Exercise requirements:
Leaving out every picture, transcribe the lines from the line that contains "Halloween-Themed Nail Art" to the end of the entries below, both ends included.

Records to process:
== Segment start ==

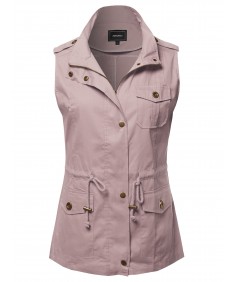 Women's Casual Solid Anorak Military Vest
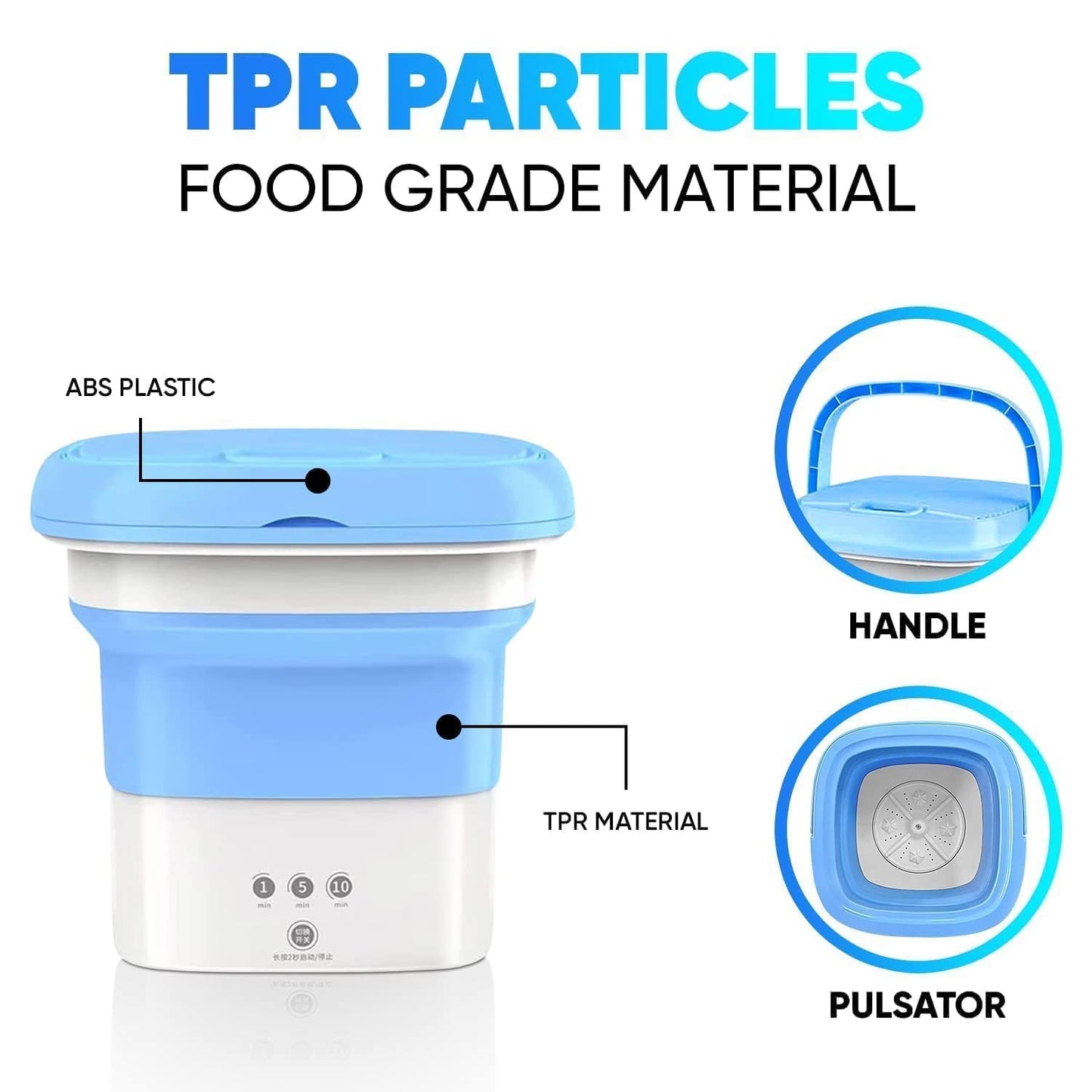 Mini Portable Washing Machine Top Load Fully Automatic with 3 Modes
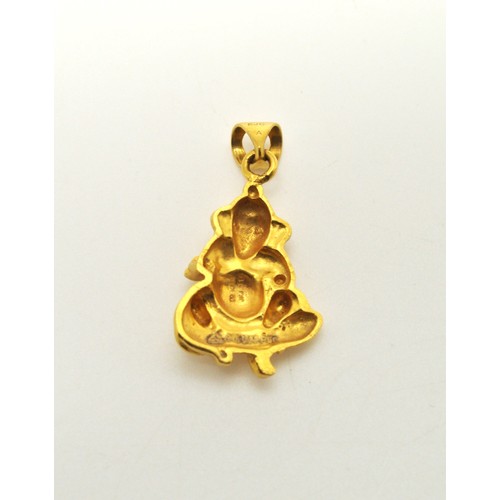 281 - x3 yellow gold pendants, the Ganesha is stamped 916. approx gross combined weight 7.63g.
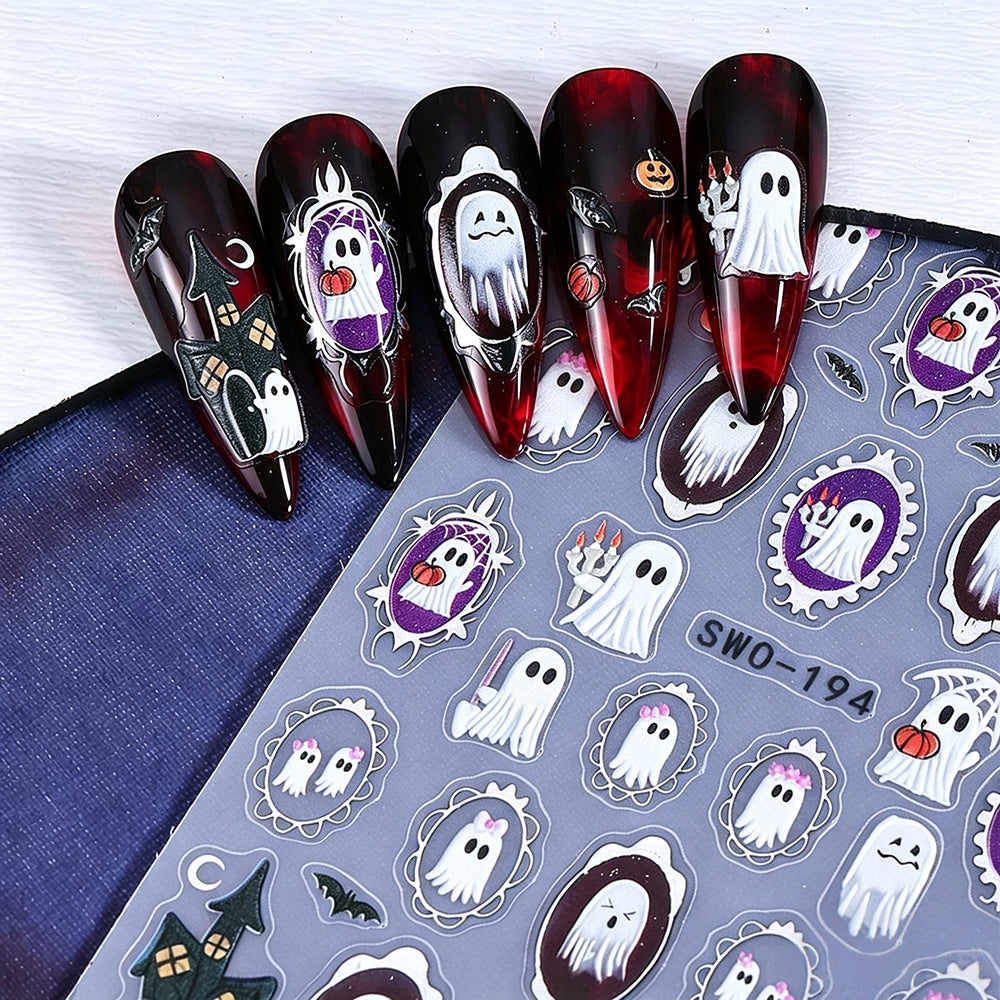 Halloween-Themed Nail Art Stickers  1791507088
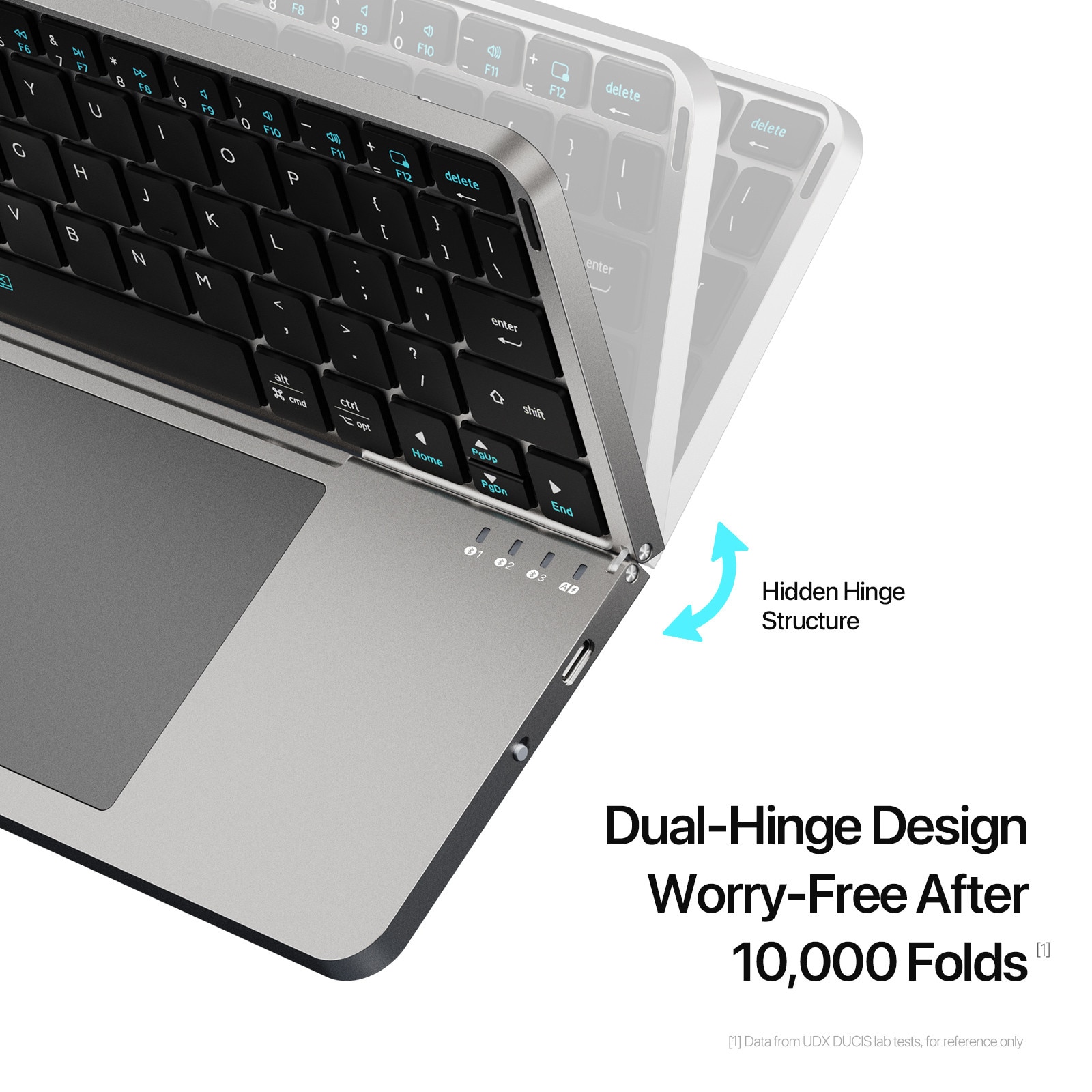 Tastatura pliabila Bluetooth 5.0 - prezentare specificatii si dimensiuni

== Segment end ==

Answer space:
 Halloween-Themed Nail Art Stickers  1791507088
 Tastatura pliabila Bluetooth 5.0 - prezentare specificatii si dimensiuni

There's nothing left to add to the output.